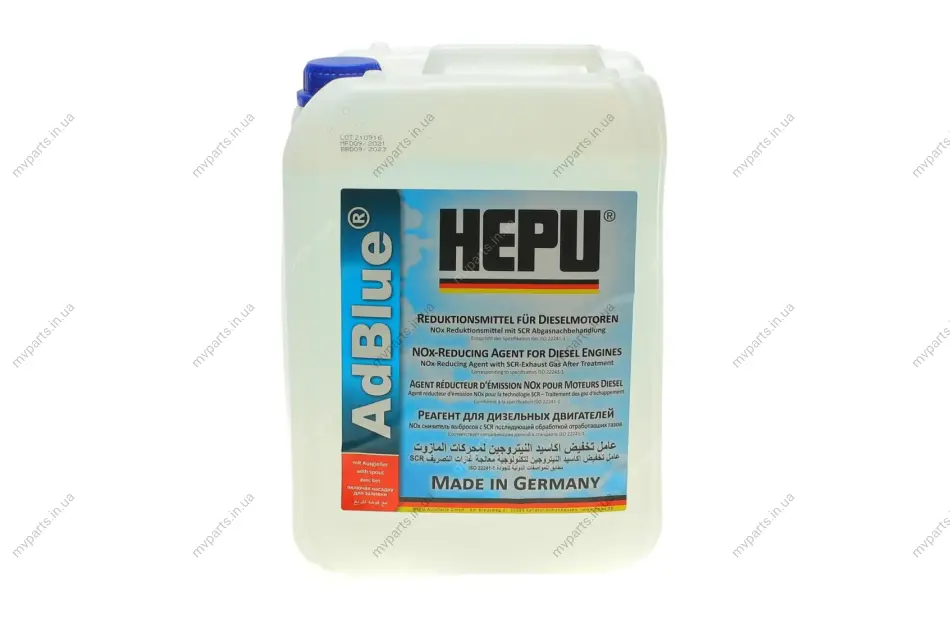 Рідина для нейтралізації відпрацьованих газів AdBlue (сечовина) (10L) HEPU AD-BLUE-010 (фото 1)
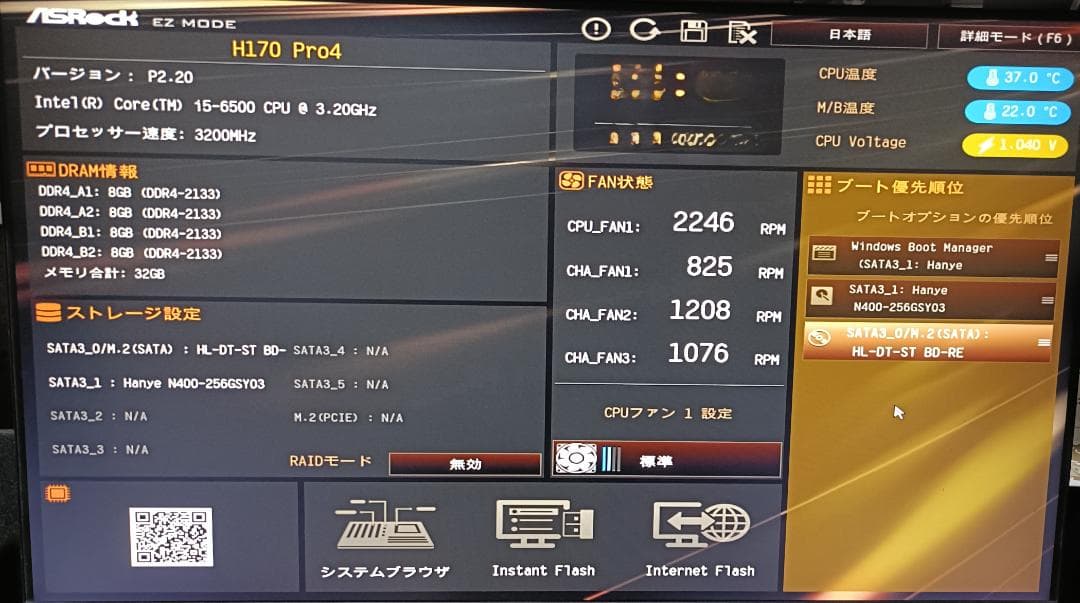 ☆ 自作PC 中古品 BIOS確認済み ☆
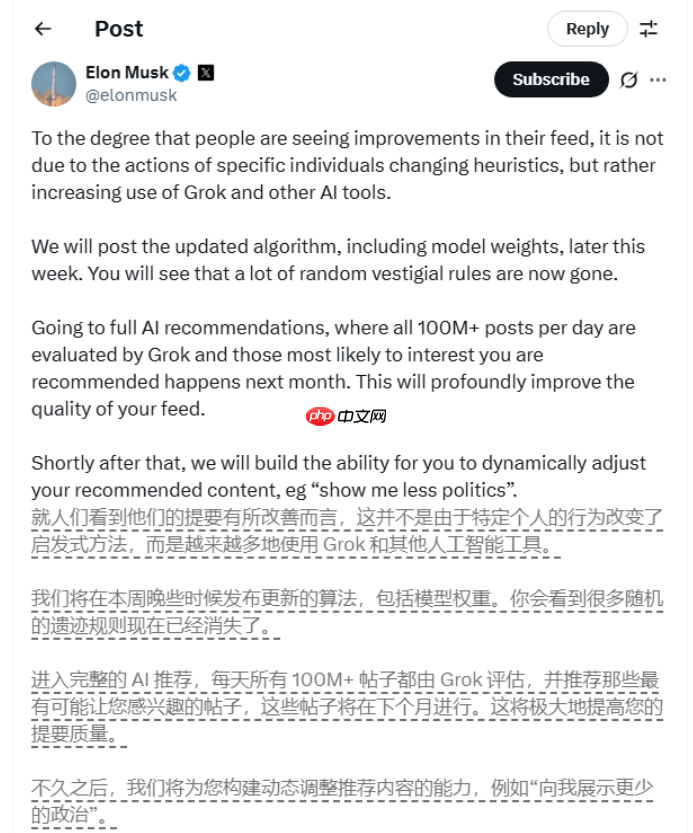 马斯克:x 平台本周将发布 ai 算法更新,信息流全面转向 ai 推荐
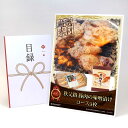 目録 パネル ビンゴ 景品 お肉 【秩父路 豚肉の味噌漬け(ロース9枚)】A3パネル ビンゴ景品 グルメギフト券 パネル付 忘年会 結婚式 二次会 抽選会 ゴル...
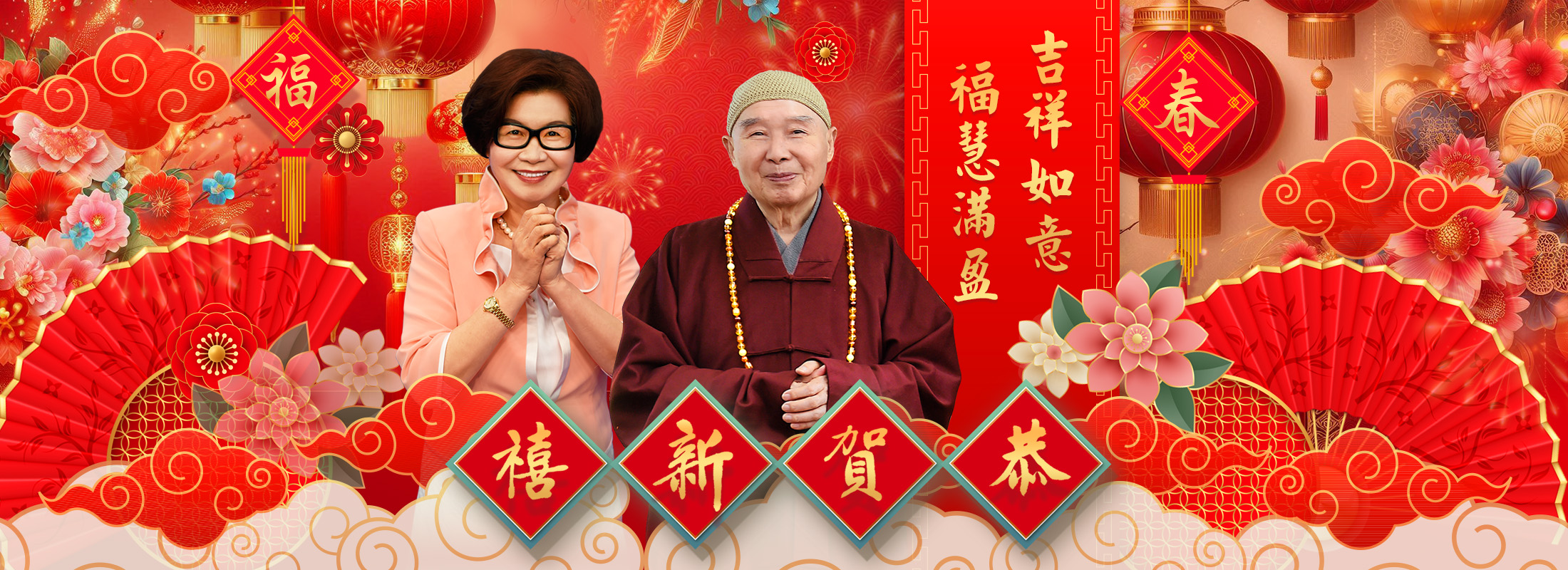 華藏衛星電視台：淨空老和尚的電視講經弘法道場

DESCRIPTION OF THE TASK: Output the data above in full and exactly, with every image left out.

TASK RESPONSE:
 Рідина для нейтралізації відпрацьованих газів AdBlue (сечовина) (10L) HEPU AD-BLUE-010 (фото 1)
 ☆ 自作PC 中古品 BIOS確認済み ☆
 马斯克:x 平台本周将发布 ai 算法更新,信息流全面转向 ai 推荐
 目録 パネル ビンゴ 景品 お肉 【秩父路 豚肉の味噌漬け(ロース9枚)】A3パネル ビンゴ景品 グルメギフト券 パネル付 忘年会 結婚式 二次会 抽選会 ゴル...
 華藏衛星電視台：淨空老和尚的電視講經弘法道場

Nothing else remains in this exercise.